However, I want to mention a different motivation for why we ignore the call to a life of faith, or to trust in Spirit. Often it is, first I need to BE this or that. First, I need to be good enough. First, I need to reach a level of spiritual or moral perfection, then I can dedicate myself to the practice of trust. I cannot possibly be a deeply spiritual person right now, at this juncture of my life, because I am too fill in the blank. I am too anxious and worrisome. I am too lustful. I am too angry. I am too jealous. I am too addicted or I drink too much. I am too whatever. Really, I think this kind of excuse is more often a barrier to the faith life. Many of us have been led to believe that before we can approach the Divine, we need to reach a level of moral purity.

I’m here to tell you the opposite.
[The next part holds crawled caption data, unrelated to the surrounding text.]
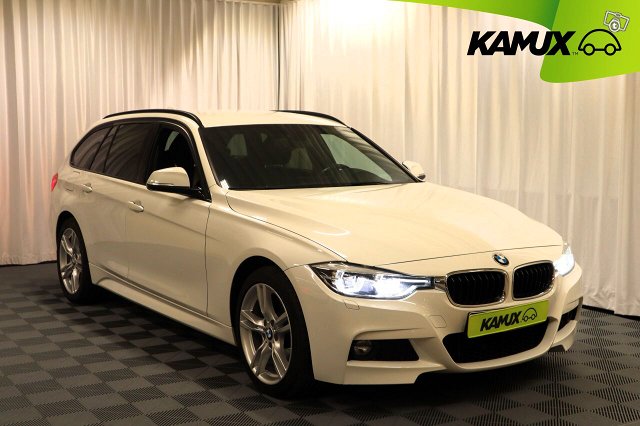 BMW 3 Series, kuva 1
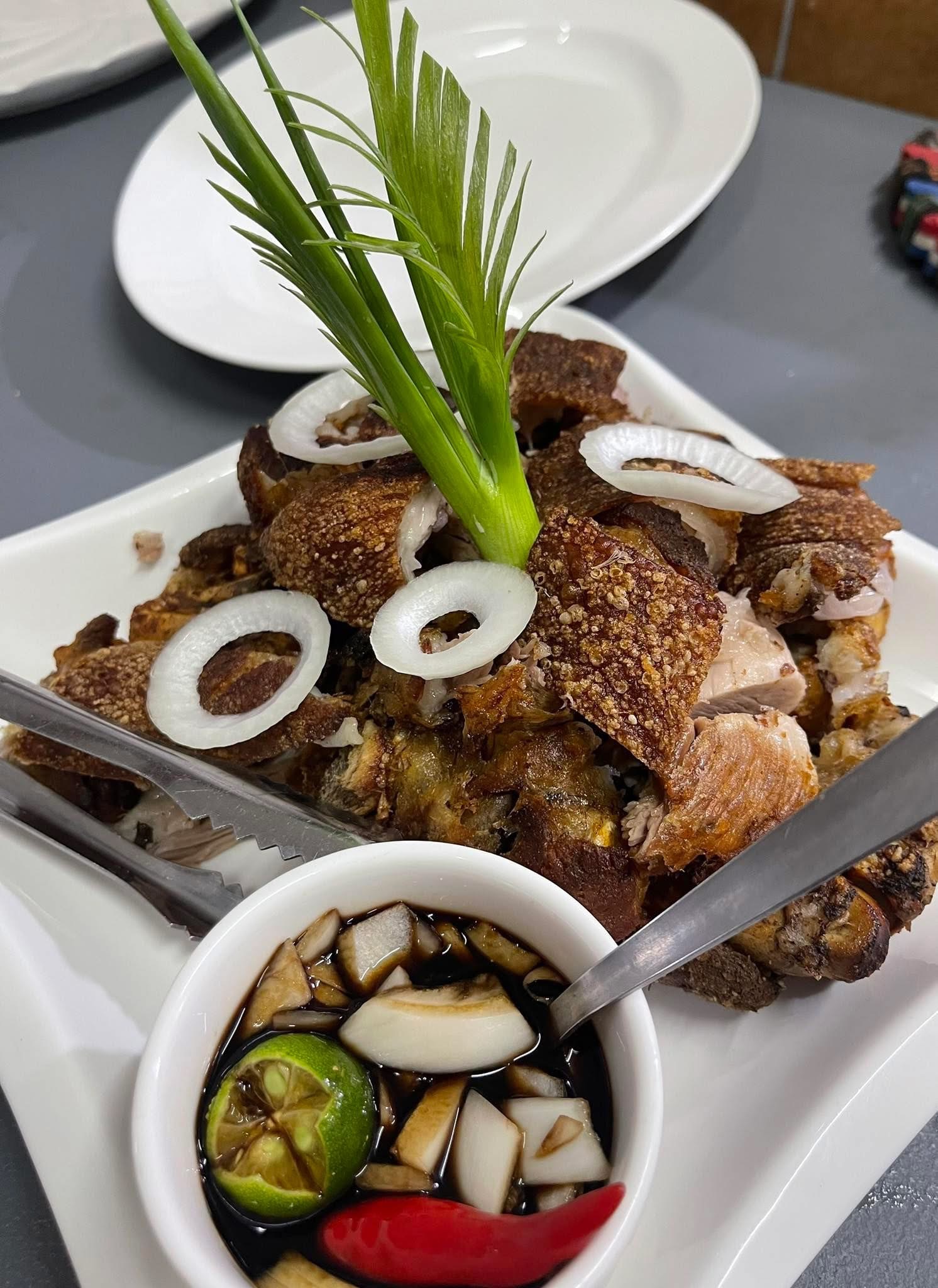 Kastelli Di Angelis Restaurant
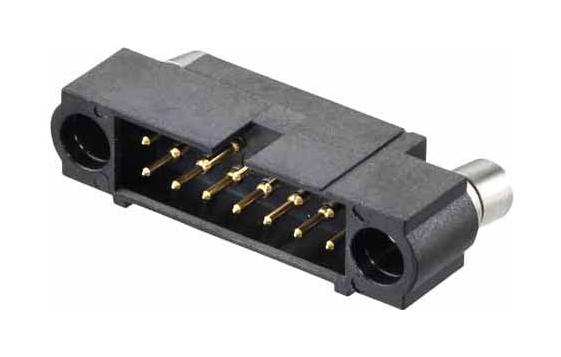 M80-5822005 CONNECTOR, PLUG, 20POS, 2ROW, CRIMP HARWIN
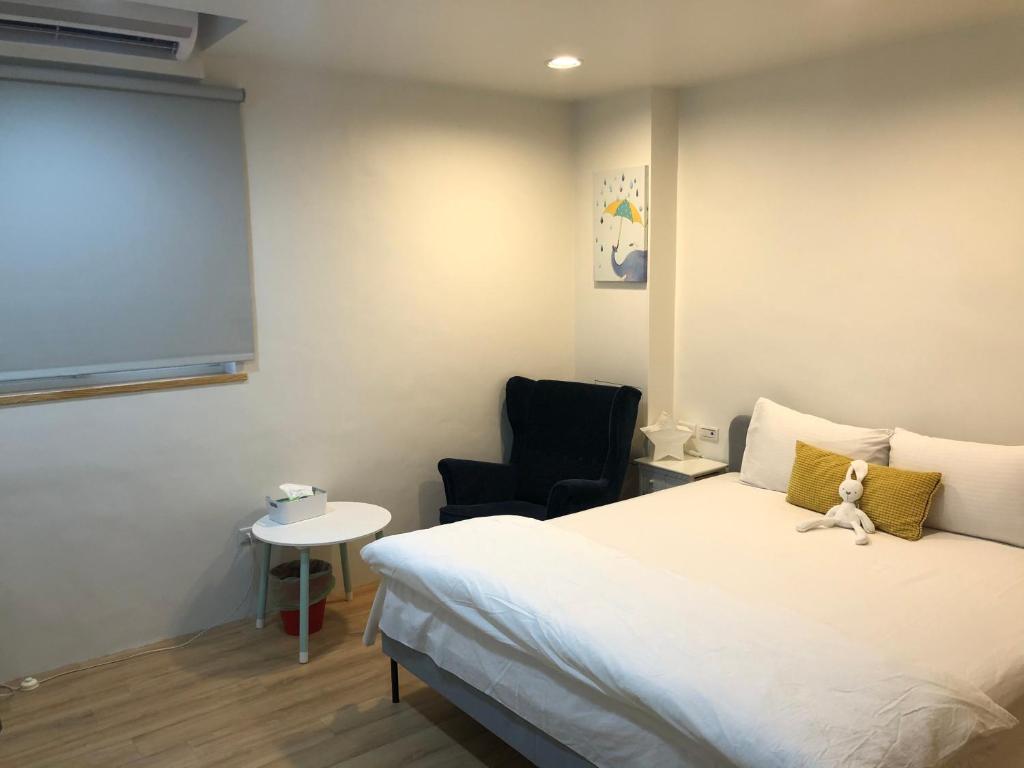 Yilan early morning B&B - Superior King Room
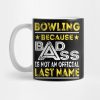 Bowling Mug Official Bowling Merch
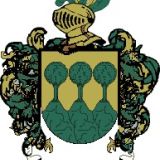 Escudo del apellido Jarué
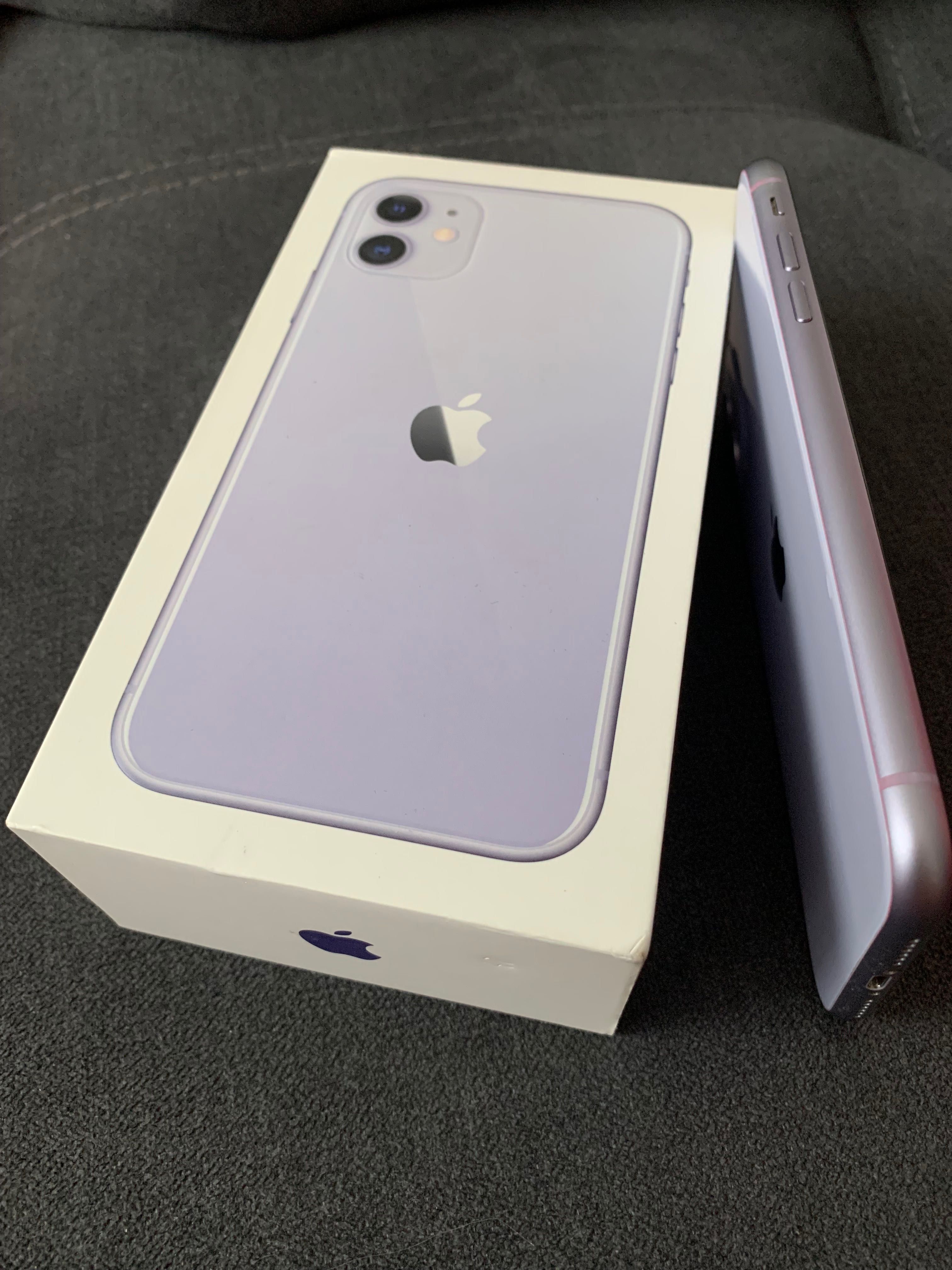 iPhone 11 128GB Перфектен!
In my experience (and the experience of most people I know well), the times I’ve felt closest to God are when I was at my most imperfect—when I was flailing around and breaking things, when I was making my worst mistakes. I could tell of times in earlier adulthood when I was in incredibly unwise relationships, where I became so disoriented and reckless—whether for lust or love, or both, that I stumbled around like a drunk person. But when in those situations things started to devolve, I usually felt so desperately afraid that I tuned in to Spirit. And more than at any other juncture of my life, the embrace of Love I received at those moments was total and over time, transforming. I never felt a hare’s breath of distance from God because of my mistakes and imperfections; nor did I feel that Love’s or God’s embrace was contingent on my snapping out of it and becoming perfect and pure. God’s love was there because God’s love is there. The embrace of Spirit is perhaps experienced most powerfully when we are at our lowest.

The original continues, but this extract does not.